The current design of the server has operations proceed in a semi-parallel and semi-serialised fashion. Lets consider an “add” operation:
Operation Begins
|
V
Run PRE_ADD plugins
|
V
Begin backend transaction
|
V
Check Access Controls
|
V
Run BETXN_PRE_ADD plugins
|
V
Tentative add to DB
|
V
Run BETXN_POST_ADD plugins
|
V
Commit TXN to DB
|
V
Run POST_ADD plugins
|
V
Result returned to client
Now, we have to consider that these can be running in parallel, and now we have to add many interactions into this process.
So below is the same chart with only some of the locks added in:
(locks denoted by x)
Operation Begins
|
V
Run PRE_ADD plugins X
|
V
Begin backend transaction X
|
V
Check Access Controls X
|
V
Run BETXN_PRE_ADD plugins X
|
V
Tentative add to DB
|
V
Run BETXN_POST_ADD plugins X
|
V
Commit TXN to DB
|
V
Run POST_ADD plugins X
|
V
Result returned to client
Now imagine we are runnig 30 threads or more. Every single log message, plugin call, acl check, backend operation, all need locks. We are serialised for both reads and writes effectively at many points of our operation!
As a result, we have the following server environment:
We need a way for many of these subsystems to be able to operate either in a lockless, or protected manner, without impacting other threads. The final goal is:
I propose that we use copy on write datastructures to achieve this design. A copy on write datastructure is one that allows a stable version of the tree to exist, while modifications are made on the copy. When the modifications are complete, the root node pointer of the tree is pivoted. Once the previously versions reference count drop to 0, elements for the previous tree are freed.
In the first image we see the original state of the tree. We have can take a read only transaction to txn_id 1 here.
In this image, we can see that we have a read only transaction to txn_id 1, and a write occuring in txn_id 2. Note the way that the tree branch is copied during the write, so the content of txn_id 1 is consistent through out it’s operation. After this is commited, all new read transactions would begin on txn_id 2.

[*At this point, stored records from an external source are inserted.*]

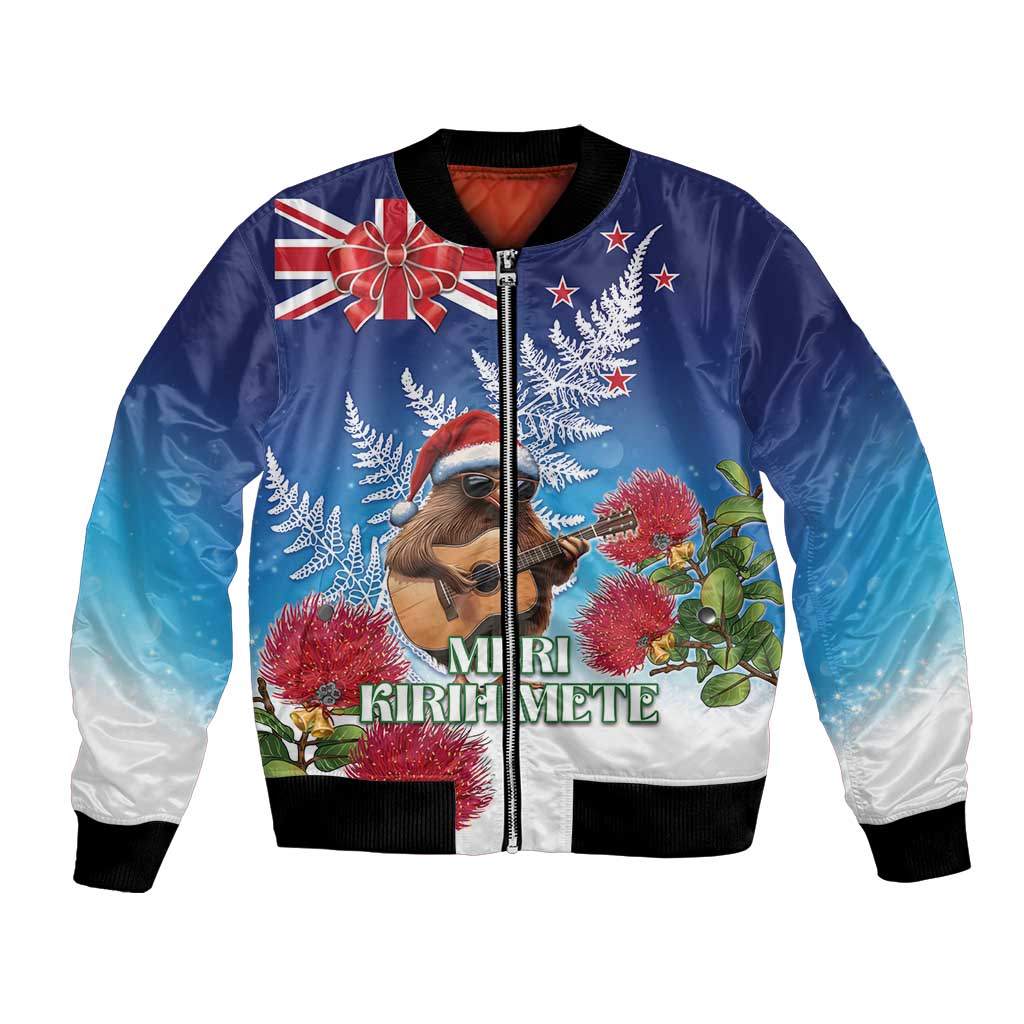 New Zealand Kiwi Christmas Bomber Jacket Xmas Vibe LT05 Unisex Blue - Polynesian Pride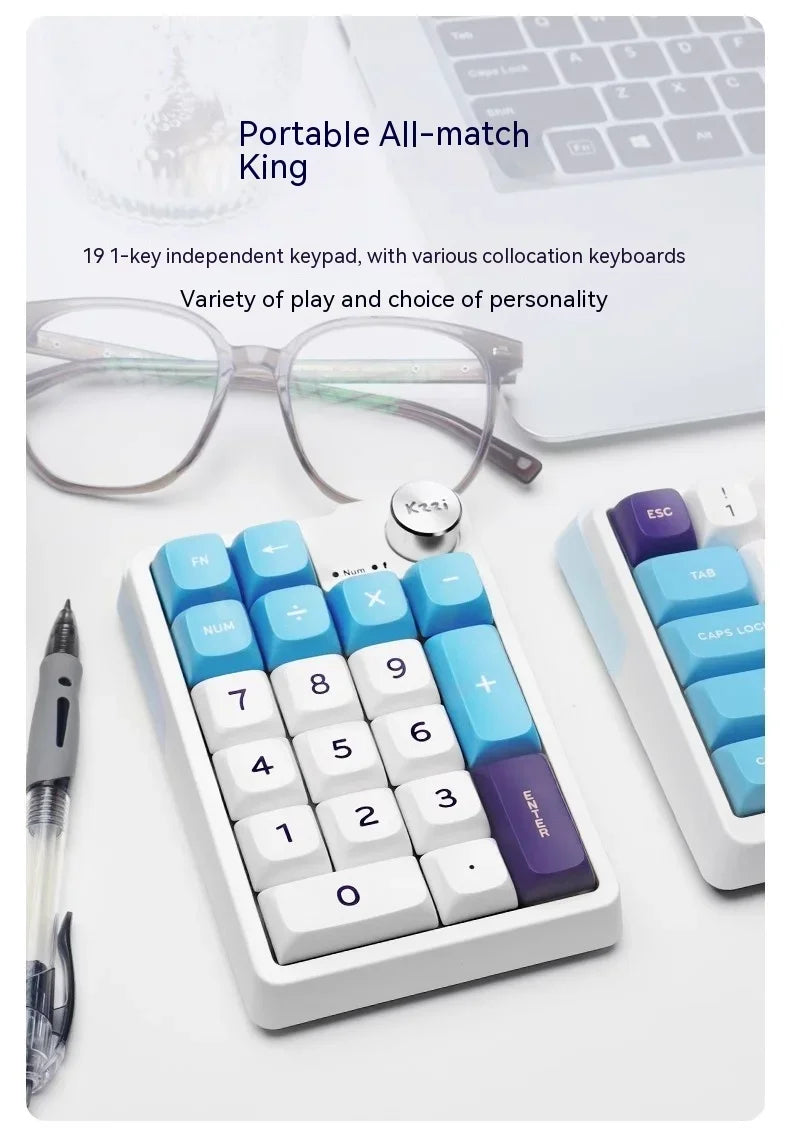 Kzzi K20 Mini Keyboard Keypad Tri Mode Bluetooth Wireless Gasket Mechanical Keyboard Accessory For Computer Office Gaming Gifts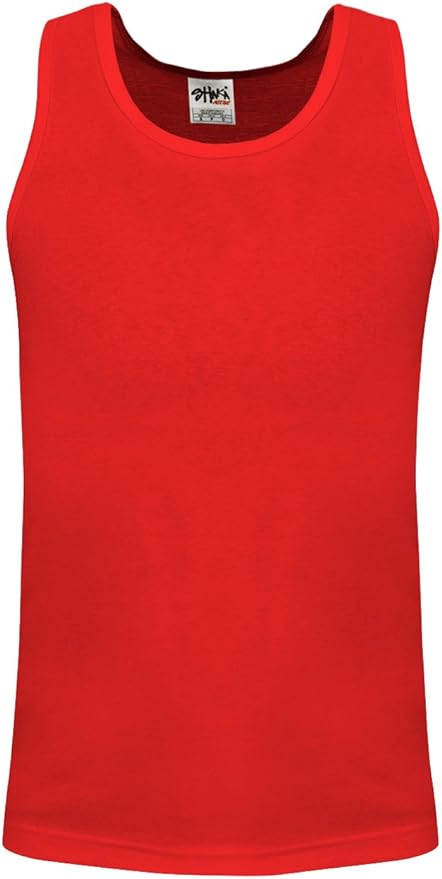 Shaka Wear Men's Basic Sleeveless Tank Top Cotton Solid Muscle Workout T-Shirt Undershirt Activewear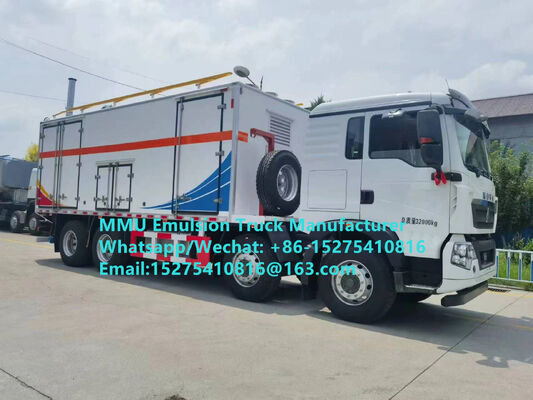 Multifunctional SHACMAN 15T BCRH-15 on-site mixing and charging emulsion bulk explosive loading truck Mongolia Mining Blast service Kazakhstan Uzbekistan Indonesia Congo MMU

Finally, we close the read transaction on txn_id 1. Since there are no more users of the txn, we can trim the unreferenced nodes, and continue with the tree state as txn_2
Multiple read transactions states can be present. In other words if you do:
Begin Read 1
Write 2
Begin Read 3
Write 4
Begin Read 4
Write 5
Close 1
Close 3
Close 4
Transaction 1, 3 and 4 are guaranteed to have their contents correct at the time the read transaction, despite there being multiple writes having occured even between read transactions.

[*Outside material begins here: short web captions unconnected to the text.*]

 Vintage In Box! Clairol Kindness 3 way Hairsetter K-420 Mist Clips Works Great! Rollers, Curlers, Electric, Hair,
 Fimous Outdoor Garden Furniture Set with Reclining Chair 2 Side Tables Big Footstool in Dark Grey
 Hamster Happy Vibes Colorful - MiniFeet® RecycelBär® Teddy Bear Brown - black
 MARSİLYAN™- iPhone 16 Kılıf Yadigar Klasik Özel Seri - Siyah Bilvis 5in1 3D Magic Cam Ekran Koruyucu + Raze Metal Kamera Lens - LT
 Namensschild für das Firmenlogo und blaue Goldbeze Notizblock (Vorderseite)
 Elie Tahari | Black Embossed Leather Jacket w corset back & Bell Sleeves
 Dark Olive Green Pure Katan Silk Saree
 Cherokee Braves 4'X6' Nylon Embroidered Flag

Another property of this design is that memory placed into the tree, their lifetime is bound to the tree and it’s transactions. The tree is provided with free functions, which are correctly able to dispose of the pointers given to the tree. Provided your free function is correct, you can trust the tree to properly manage the lifetime of our references.
This means we can have the following situation. When an operation begins we can take a transaction of the active list of plugins in the tree right now. These are sorted by order of operation, so we can apply them by walking the tree. During this operation, another operation rapidly disables some plugin X from the server. The next operation would not use plugin X. The first operation would still have the reference to the node containing plugin X, so the plugin would still work. Once the use of the transaction drops to 0, the plugin would now be closed and freed as we can guarantee no future transactions are within the plugin code. If the plugin were re-opened at the same time, this would be a new plugin struct, so would not be affected by this close.

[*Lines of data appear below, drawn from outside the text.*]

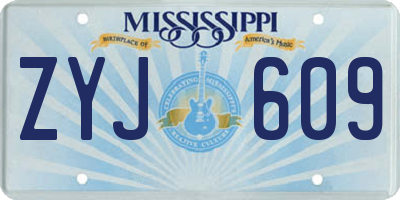 MS license plate ZYJ609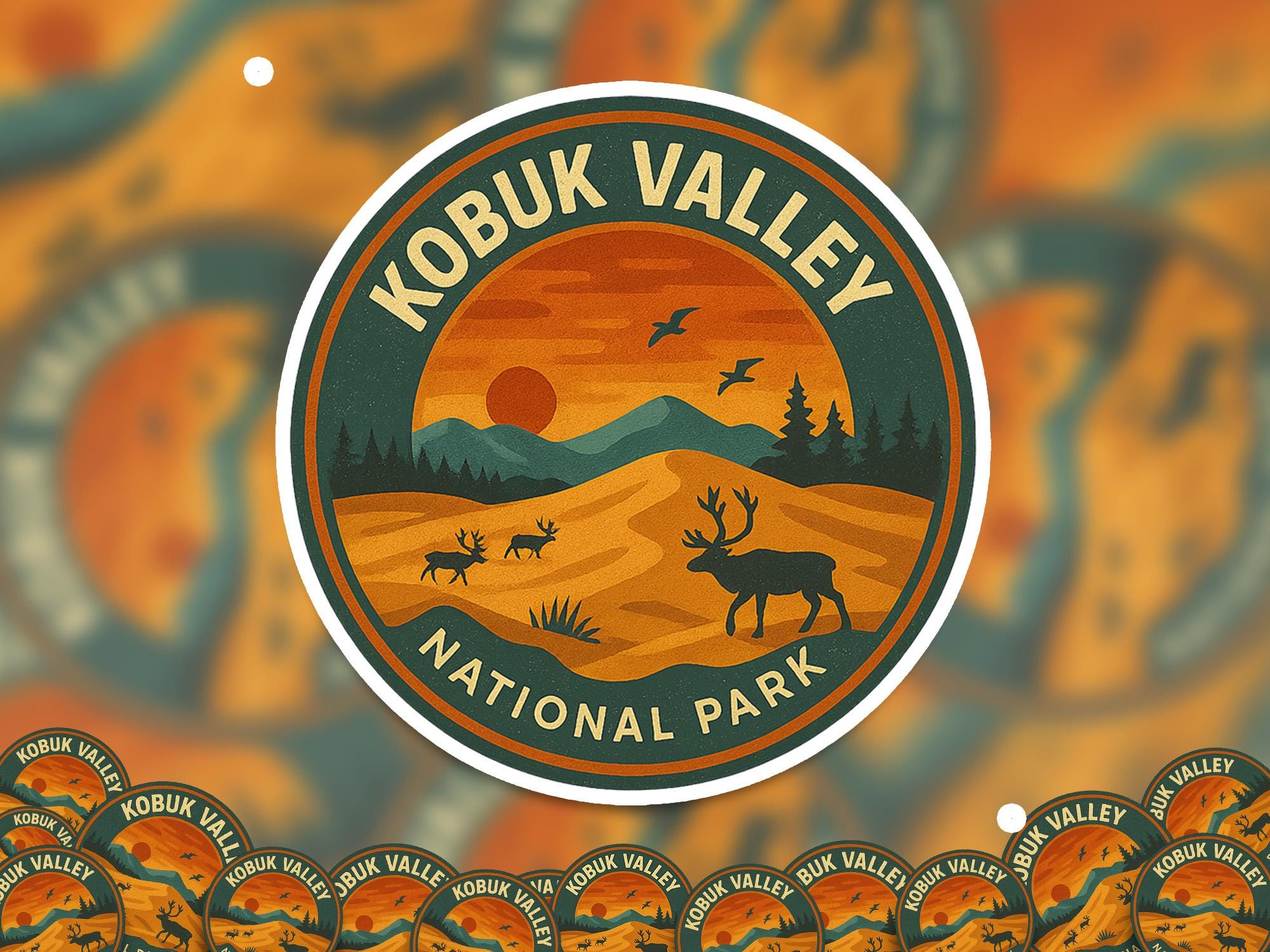 Kobuk Valley National Park Sticker, Retro Vinyl Waterproof Decal, Vintage USA Travel Collection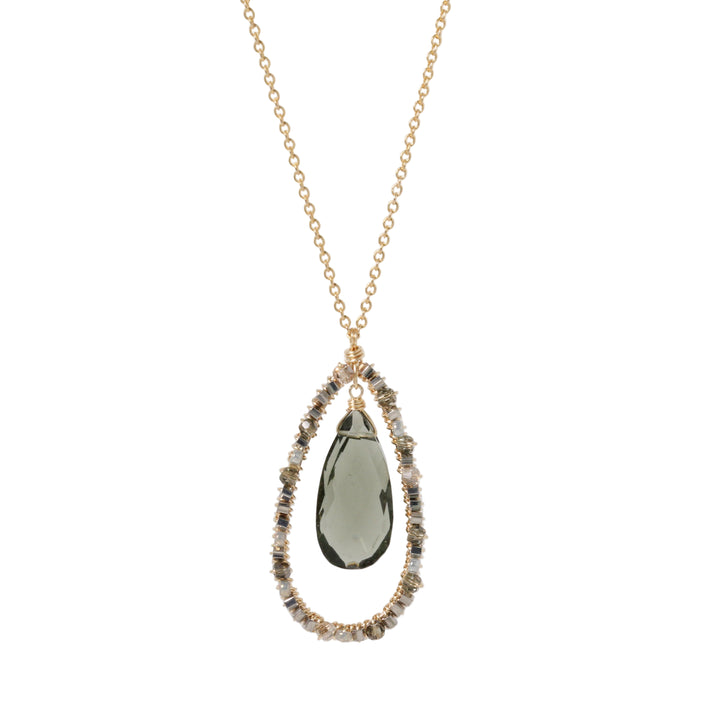 Green Quartz Teardrop Halo Necklace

At the begining of a new connection, we take a write transaction on:
At the begining of a read operation by the client (not connection, operation) a set of transactions would be opened. This would be in:
At the begining of a write operation (add, mod, del) a write transaction would open in:
Due to the change related to transactions, plugins will need to operate differently.
Some plugins may require transactions (IE IPA’s kerberos plugin.). They will be offered a plugin hook for read begin, read close, write begin, write abort and write commit. Plugins must not block read and writes, the same property we expect. This is due to the fact we may internall need a write from within a read transaction, which would cause a deadlock with pthread_rwlock. We may change this design decision later, but it is unlikely.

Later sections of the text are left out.